Problem description -> When you reach the line containing "Morgan (2016) มอร์แกน" in the data below, begin returning lines exactly as written, and stop once the line containing "Used 2024 Porsche Macan" has been returned.

[Records from a dataset]
++++

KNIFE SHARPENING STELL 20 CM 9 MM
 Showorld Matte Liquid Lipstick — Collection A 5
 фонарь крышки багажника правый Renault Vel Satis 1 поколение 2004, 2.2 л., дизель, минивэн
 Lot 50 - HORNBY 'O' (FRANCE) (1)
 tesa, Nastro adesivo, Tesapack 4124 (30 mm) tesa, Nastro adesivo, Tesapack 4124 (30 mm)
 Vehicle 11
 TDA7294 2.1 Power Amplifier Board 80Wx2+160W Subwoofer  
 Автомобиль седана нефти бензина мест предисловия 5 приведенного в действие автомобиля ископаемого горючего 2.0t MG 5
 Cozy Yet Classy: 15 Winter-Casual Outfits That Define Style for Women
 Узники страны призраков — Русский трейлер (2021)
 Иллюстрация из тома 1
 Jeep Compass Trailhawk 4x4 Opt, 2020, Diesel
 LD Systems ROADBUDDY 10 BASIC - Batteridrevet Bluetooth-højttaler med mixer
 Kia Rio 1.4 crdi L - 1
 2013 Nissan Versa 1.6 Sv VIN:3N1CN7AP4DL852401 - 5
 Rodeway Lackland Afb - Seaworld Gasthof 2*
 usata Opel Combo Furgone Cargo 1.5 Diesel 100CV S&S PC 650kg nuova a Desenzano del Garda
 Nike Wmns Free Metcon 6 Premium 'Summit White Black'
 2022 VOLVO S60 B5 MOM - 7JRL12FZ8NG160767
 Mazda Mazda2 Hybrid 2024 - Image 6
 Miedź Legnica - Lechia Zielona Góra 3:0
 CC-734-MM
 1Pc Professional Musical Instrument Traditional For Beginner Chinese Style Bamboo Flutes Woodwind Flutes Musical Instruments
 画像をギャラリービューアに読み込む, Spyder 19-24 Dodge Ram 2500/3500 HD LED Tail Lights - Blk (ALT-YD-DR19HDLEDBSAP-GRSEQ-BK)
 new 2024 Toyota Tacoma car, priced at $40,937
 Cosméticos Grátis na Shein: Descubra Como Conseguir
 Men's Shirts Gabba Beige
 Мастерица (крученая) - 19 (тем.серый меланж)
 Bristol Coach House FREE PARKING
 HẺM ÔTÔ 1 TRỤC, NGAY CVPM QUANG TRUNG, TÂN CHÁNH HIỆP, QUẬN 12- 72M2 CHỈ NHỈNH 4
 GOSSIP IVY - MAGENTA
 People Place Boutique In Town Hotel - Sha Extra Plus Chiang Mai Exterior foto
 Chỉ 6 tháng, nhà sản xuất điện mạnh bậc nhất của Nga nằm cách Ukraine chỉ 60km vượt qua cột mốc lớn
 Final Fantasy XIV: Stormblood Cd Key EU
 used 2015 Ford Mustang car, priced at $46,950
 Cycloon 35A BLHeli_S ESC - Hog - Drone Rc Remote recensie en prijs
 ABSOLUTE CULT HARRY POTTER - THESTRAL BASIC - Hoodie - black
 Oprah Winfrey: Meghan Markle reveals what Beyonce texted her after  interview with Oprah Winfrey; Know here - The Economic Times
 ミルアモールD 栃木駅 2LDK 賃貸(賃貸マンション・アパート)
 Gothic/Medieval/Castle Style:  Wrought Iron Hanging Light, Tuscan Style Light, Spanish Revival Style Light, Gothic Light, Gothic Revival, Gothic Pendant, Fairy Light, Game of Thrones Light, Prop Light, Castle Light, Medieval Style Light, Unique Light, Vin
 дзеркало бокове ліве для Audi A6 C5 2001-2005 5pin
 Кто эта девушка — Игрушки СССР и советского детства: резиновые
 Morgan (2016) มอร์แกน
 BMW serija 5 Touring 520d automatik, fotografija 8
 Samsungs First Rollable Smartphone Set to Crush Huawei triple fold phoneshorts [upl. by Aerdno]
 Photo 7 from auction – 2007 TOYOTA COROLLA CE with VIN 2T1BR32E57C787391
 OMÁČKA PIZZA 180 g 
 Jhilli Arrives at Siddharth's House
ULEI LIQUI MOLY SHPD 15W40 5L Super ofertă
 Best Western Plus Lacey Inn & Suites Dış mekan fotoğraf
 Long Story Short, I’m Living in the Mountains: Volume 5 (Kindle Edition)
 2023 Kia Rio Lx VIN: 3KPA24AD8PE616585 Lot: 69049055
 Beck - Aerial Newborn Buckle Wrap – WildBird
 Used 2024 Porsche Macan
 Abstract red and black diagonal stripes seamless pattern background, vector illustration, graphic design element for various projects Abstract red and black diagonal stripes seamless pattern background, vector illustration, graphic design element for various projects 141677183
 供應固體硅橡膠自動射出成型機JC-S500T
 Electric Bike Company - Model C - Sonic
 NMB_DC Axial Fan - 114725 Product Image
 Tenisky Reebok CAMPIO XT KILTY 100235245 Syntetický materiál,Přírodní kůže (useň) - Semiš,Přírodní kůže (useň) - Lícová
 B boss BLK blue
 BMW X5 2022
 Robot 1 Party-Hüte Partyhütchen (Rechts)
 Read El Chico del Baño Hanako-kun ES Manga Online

++++

Answer box ->
 Morgan (2016) มอร์แกน
 BMW serija 5 Touring 520d automatik, fotografija 8
 Samsungs First Rollable Smartphone Set to Crush Huawei triple fold phoneshorts [upl. by Aerdno]
 Photo 7 from auction – 2007 TOYOTA COROLLA CE with VIN 2T1BR32E57C787391
 OMÁČKA PIZZA 180 g 
 Jhilli Arrives at Siddharth's House
ULEI LIQUI MOLY SHPD 15W40 5L Super ofertă
 Best Western Plus Lacey Inn & Suites Dış mekan fotoğraf
 Long Story Short, I’m Living in the Mountains: Volume 5 (Kindle Edition)
 2023 Kia Rio Lx VIN: 3KPA24AD8PE616585 Lot: 69049055
 Beck - Aerial Newborn Buckle Wrap – WildBird
 Used 2024 Porsche Macan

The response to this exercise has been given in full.